Bregou at dealership in converted shopping mall

Bregou at dealership in converted shopping mall.

F&I Without F&I Office

Dealer Lou Bregou, who pioneered a different way of selling F&I, worries about its online future. 

Twelve years ago, dealer Lou Bregou engineered the F&I department, but not its function, out of the dealerships he manages as part of Driver’s Village near Syracuse, NY.

Last year, he sat on a prestigious F&I industry panel at odds with industry experts talking about online F&I processes.  

At 65, Bregou has seen good – and bad – years in car sales. He just doesn’t see how the industry’s push to online F&I sales will produce good fruit for dealers. 

Worried about an erosion of backend revenue, he says “price transparency will make it very hard to make $1,000 and more on products consumers know they can buy elsewhere for less.”

If selling F&I profitably online proves as difficult as he suspects, the hardship will most affect dealers who rely heavily on F&I to support their store’s bottom line.  

“Consumers will still buy products online, but as transparency has done with car pricing it will erode F&I margin too,” Bregou says.

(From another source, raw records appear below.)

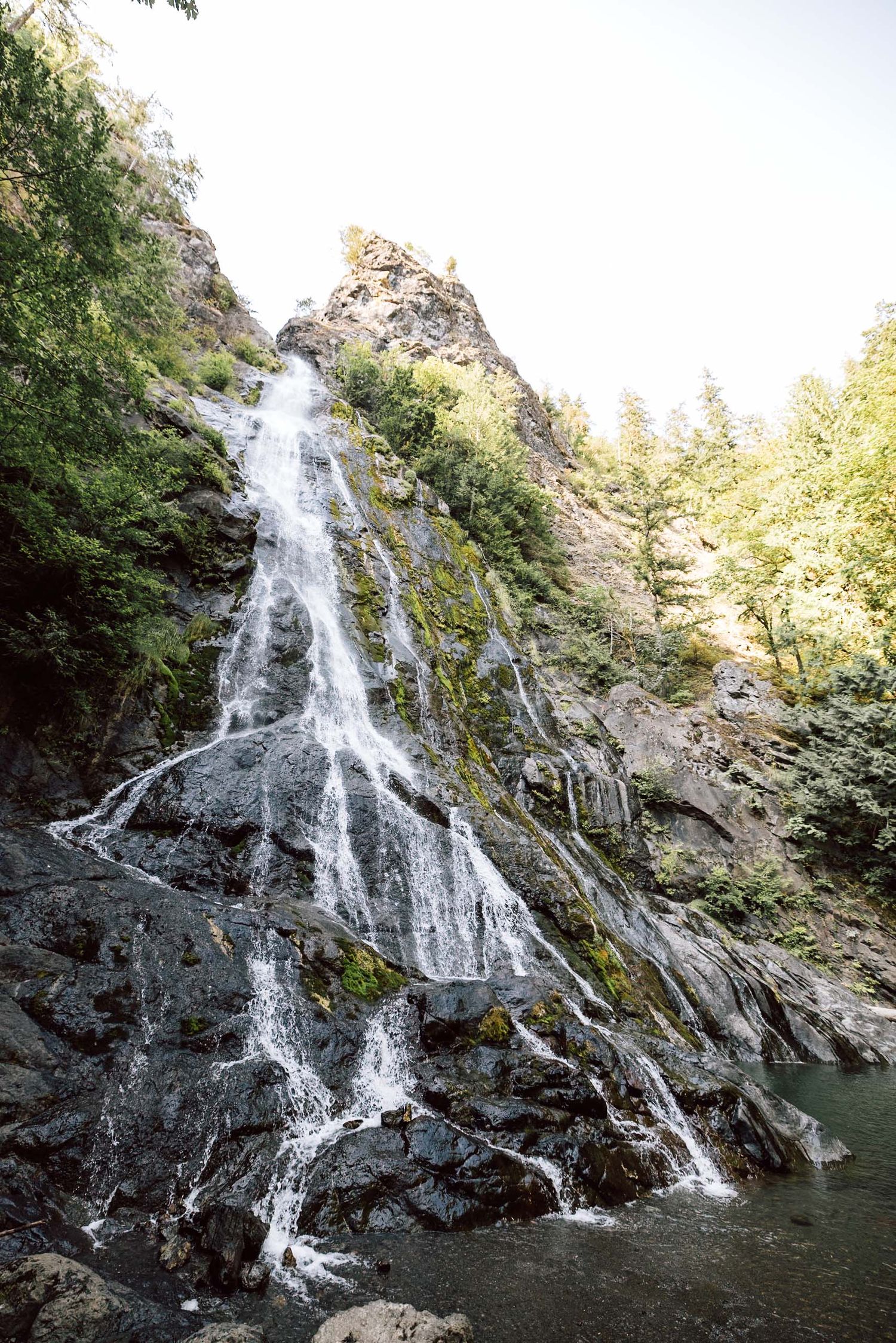 A cascading waterfall flows down a rocky cliff surrounded by lush green trees into a serene pool below.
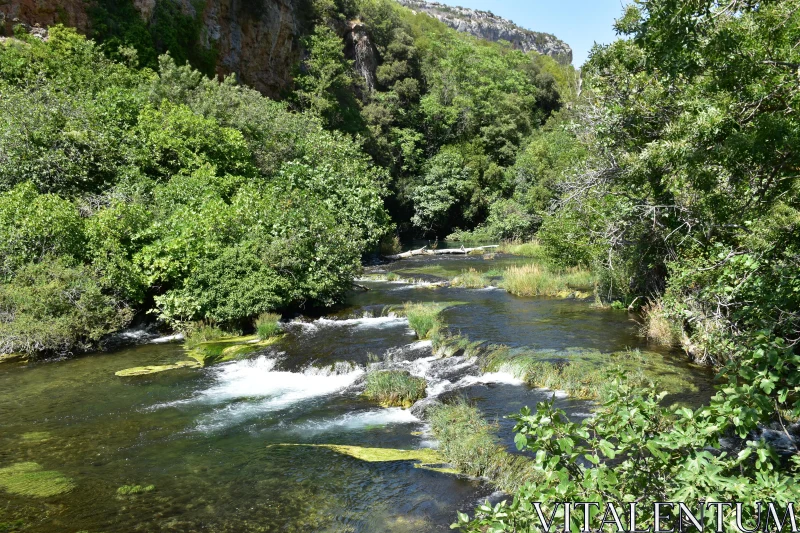 Idyllic Forest Stream View Free Stock Photo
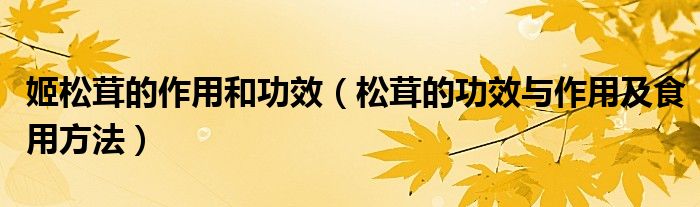 姬松茸的作用和功效（松茸的功效與作用及食用方法）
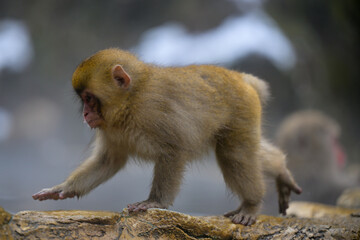 Fototapeta premium Japanese Snow Monkeys in Jigokudani Winter, Nagano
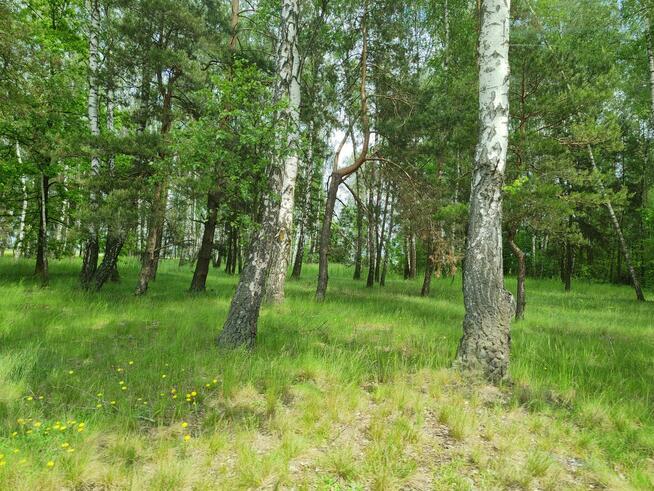 Sprzedam działkę idealną pod siedlisko bez sąsiadów - 2ha +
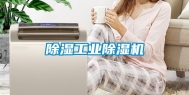 除湿工业除湿机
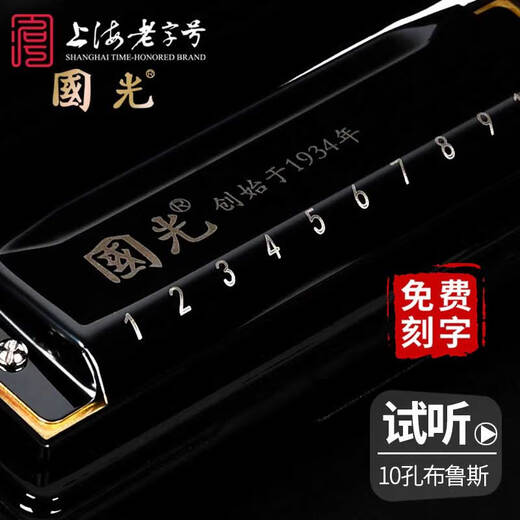 国光10孔布鲁斯蓝调口琴初学者复音c调正品学生自学成人十孔入门口琴 10孔C调黑色【初学入门款】
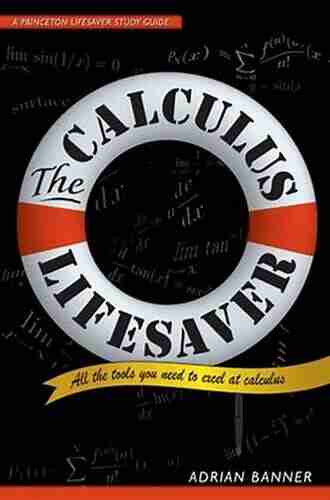 The Calculus Lifesaver: All the Tools You Need to Excel at Calculus (Princeton Lifesaver Study Guides)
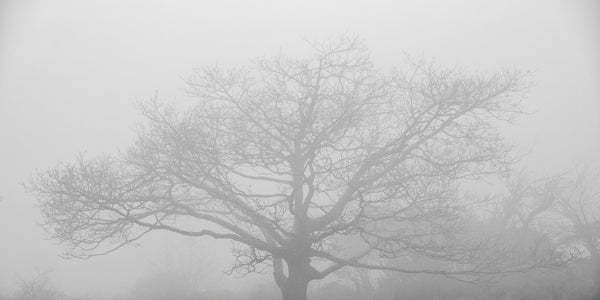 Black and white minimalist landscape photograph of a tree veiled by dense morning fog.
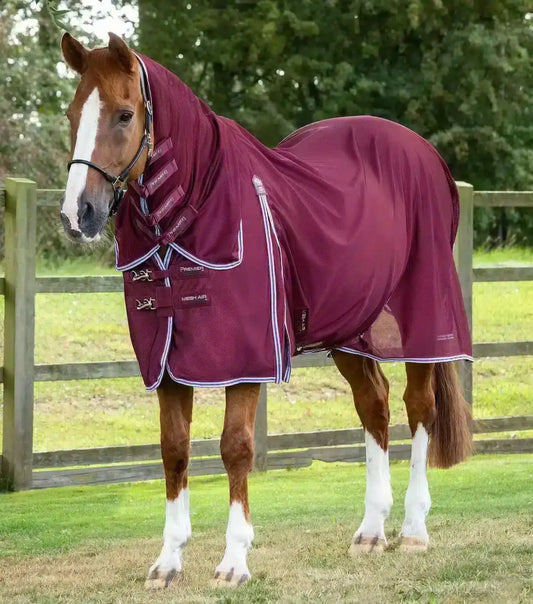 Premier Equine Combo Mesh Air Fly Rug with Surcingles by Premier Equine at Try a Bit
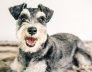 Perth Boarding Kennels for Schnauzer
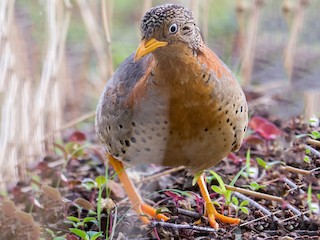 チョウセンミフウズラ - eBird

Driver’s Village is a 15-franchise operation inside a converted shopping mall.  When Bregou scrapped the traditional F&I office, he put in place a model that consists of the following:

  • Deal structuring, finance and leasing handled by sales managers.
  • Sales specialists selling aftermarket products. Bregou’s theory is the salesperson knows the customer best and is the most appropriate staffer to present products of the most value to a particular buyer.

After demo drives, Driver’s Village customers are escorted to one of three “settlement offices.” There, delivery coordinator (title clerk) joins the customer and the product specialist to complete paperwork.

Bregou stresses he’s not an expert on F&I issues.

“Look, I don’t have an MBA,” he says. “I ran a food-service business for many years, and the last 32 years I’ve sold cars and operated car dealerships.  We put an F&I office in my first store in 1984 and took it out in 2003.

“We did so because requiring customers to go into the F&I office was never comfortable for them – or our sales team – and it broke up the flow of the sales process. For customers, this change has been a homerun.”

He notes many dealers have since adopted similar models.